The crowd was the only one I experienced in which there was no obnoxious pushing or shoving and where everybody was captivated by their performance for the entirety of it. They kicked things off with "Past Lives," moving between classics and songs off their new album, a project two years in the making.

After showing off his "Make American Afraid Again" emblazoned on his guitar, frontman Taylor Rice made a political in their newest song, "Fountain of Youth," released just over three weeks ago, proclaiming that he has "waited so long, Mrs. President."

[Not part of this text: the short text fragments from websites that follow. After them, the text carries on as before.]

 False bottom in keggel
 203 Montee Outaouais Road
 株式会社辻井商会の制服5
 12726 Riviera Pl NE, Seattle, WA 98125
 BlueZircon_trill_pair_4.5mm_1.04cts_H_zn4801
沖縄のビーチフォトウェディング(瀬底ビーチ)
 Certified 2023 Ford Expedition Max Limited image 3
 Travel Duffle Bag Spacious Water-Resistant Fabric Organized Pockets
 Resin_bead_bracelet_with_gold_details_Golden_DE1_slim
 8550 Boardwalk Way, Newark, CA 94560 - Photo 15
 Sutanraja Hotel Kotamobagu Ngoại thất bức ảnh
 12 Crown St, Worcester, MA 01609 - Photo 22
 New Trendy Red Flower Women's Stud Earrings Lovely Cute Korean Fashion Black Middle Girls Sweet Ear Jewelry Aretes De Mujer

For the first time all weekend, an audience stayed truly attentive through the entirety of a set and invested in the music, rather than milling around half-heartedly listening. It was the first time Lolla truly felt like a music festival and not a drunken spectacle.

—Shelbie Lynn Bostedt, social media coordinator

Mothers (5:40 p.m. BMI)

The BMI stage might be not only Lollapalooza's best-kept secret but also the best place to see a show during the four-day behemoth. Mothers, from Athens, Ga., are the perfect band to play that small, shaded stage because there's a delicateness to the group's jangly indie rock. As soon as frontwoman Kristine Leschper sang the first lines of single "It Hurts Until It Doesn't," bodies strolled into the crowd. Other songs off their recent album "When You Walk A Long Distance You Are Tired," like "Copper Mines," and even new songs had an extra snap in a live setting. Normally a band like this is best suited for a venue like the Empty Bottle, where they recently played, or even a sweaty house show, but this quartet has the chops for a major festival, even if it is on its smallest stage.

—Josh Terry, music reporter

Flume (6:25 p.m. Samsung)

Let me guess: You hate the idea of producers-slash-DJs who plug away at soundboards and laptops at music festivals. But if there’s anyone who can change your mind, it’s Flume. The Australian producer’s Sunday night set exceeded my Day 4 expectations with flawless festival vibes and sounds. Donning all white, Flume took the stage with a mix of sing-along remixes and new beats from his latest album, “Skin.” Though he didn’t need the help, Vic Mensa and Vince Staples were welcome guest appearances who kept the audience on their toes. The sprawling crowd swayed and clapped to the beat, eating up every last drop of the show. As the sun set on Grant Park and Flume tied things up with his take on Disclosure’s “You & Me,” I couldn’t help but feel like this was the epitome of summertime in Chicago.

—Morgan Olsen, Eat & Drink editor

Haim (6:45 p.m. Bud Light)

There was no dramatic entrance for Haim when they took the Bud Light stage on Sunday night. They came in running and jumping to their places, excited about being back at Lollapalooza and not afraid to show it. Between songs, each sister took the chance to tell the audience how much playing at Lolla meant to them (Este and Danielle saw Amy Winehouse play that very same stage in 2007, and they credited her with inspiring them to want to be singers and performers like her). Instead of stopping the show cold, their words only added a sense of specialness to their set, as they were clearly savoring their time up there and bringing the crowd with them. They opened with "If I Could Change Your Mind," then "Don't Save Me," before covering Prince's "I Would Die 4 U." And that's when the party really started. The band went on to play two new songs, the second of which showcased the strength of Danielle's guitar-playing. But they closed out their show by going full-out Blue Man Group—in a good way. All three, who had taken turns playing guitar/bass and singing during their hourlong performance, all jammed on the drums for their finale. Though it started off a little shaky, once they got in a groove, they stayed there—stayed there for two minutes longer than scheduled, in fact. I suspect this isn't the last time Haim will be on a Lollapalooza stage, and they can only go up from here.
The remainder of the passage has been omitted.